[Data provided Boundary: Start]

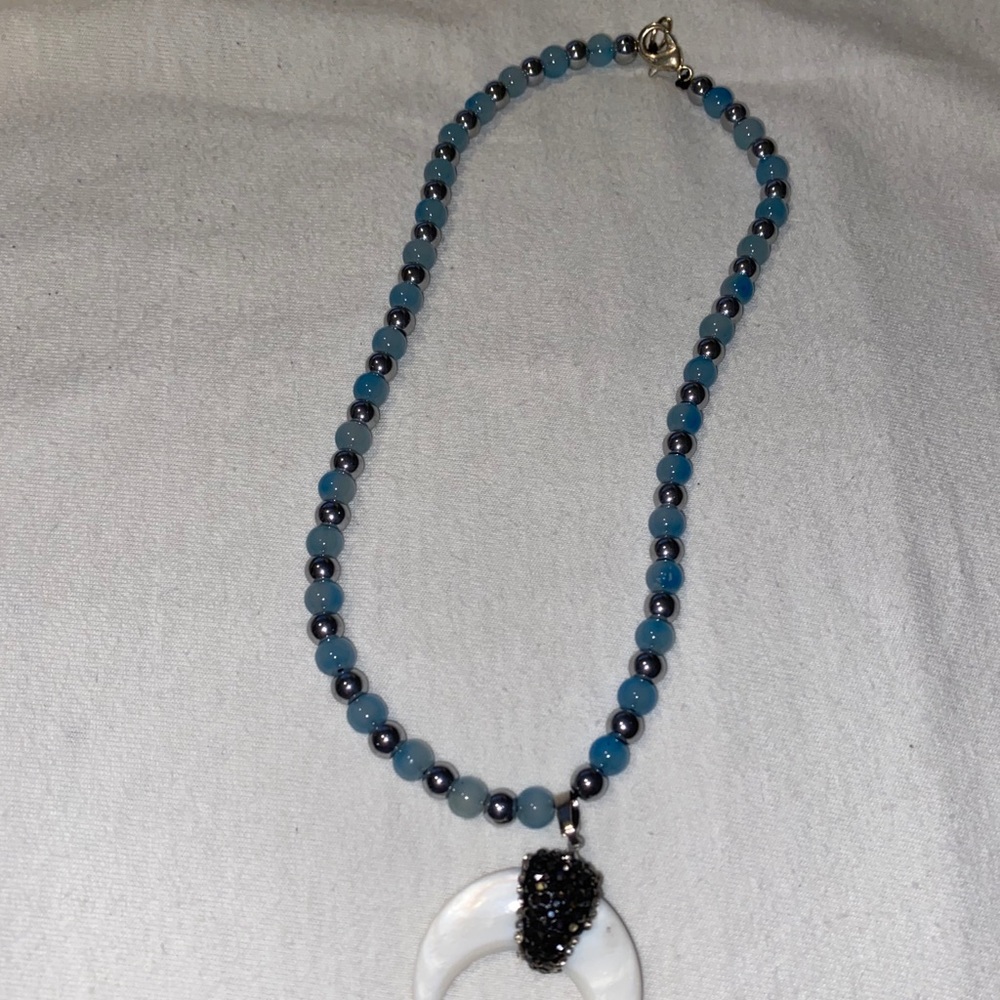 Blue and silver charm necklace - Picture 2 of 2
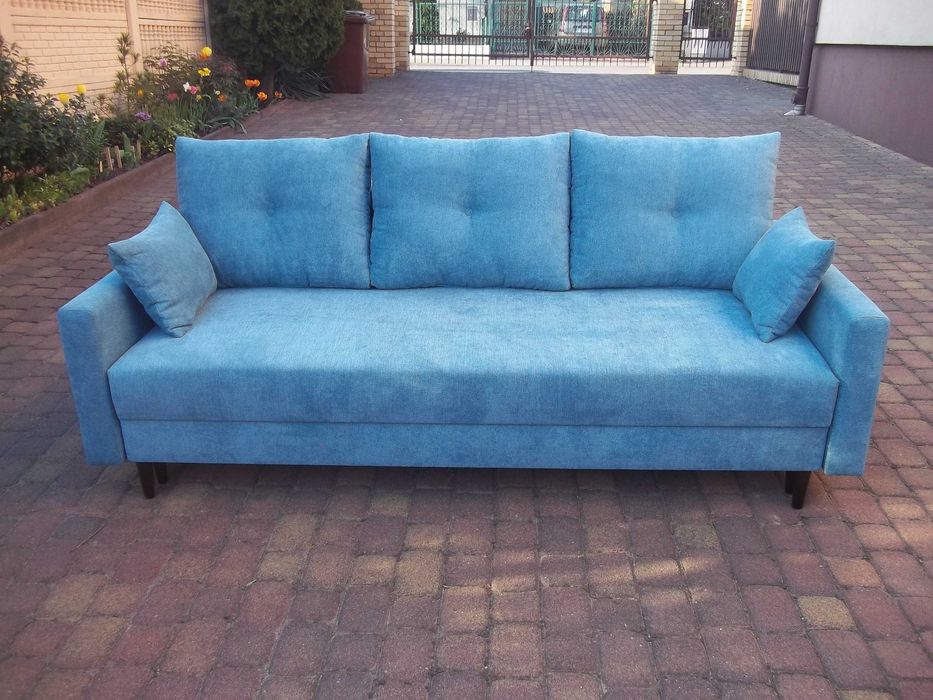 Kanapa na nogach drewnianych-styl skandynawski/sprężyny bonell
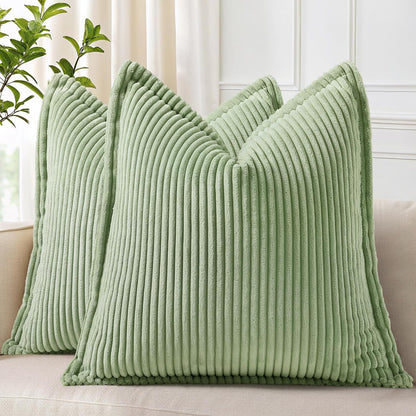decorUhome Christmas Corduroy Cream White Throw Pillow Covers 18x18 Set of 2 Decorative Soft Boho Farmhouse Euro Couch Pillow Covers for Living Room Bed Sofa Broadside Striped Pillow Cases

[Data provided Boundary: End]

Exercise directions »
Nothing but the lines from the line containing "Kanapa na nogach" through the end of the data, both ends included, is to be reproduced, exactly as written and without the pictures.

Answer for the task »
 Kanapa na nogach drewnianych-styl skandynawski/sprężyny bonell
decorUhome Christmas Corduroy Cream White Throw Pillow Covers 18x18 Set of 2 Decorative Soft Boho Farmhouse Euro Couch Pillow Covers for Living Room Bed Sofa Broadside Striped Pillow Cases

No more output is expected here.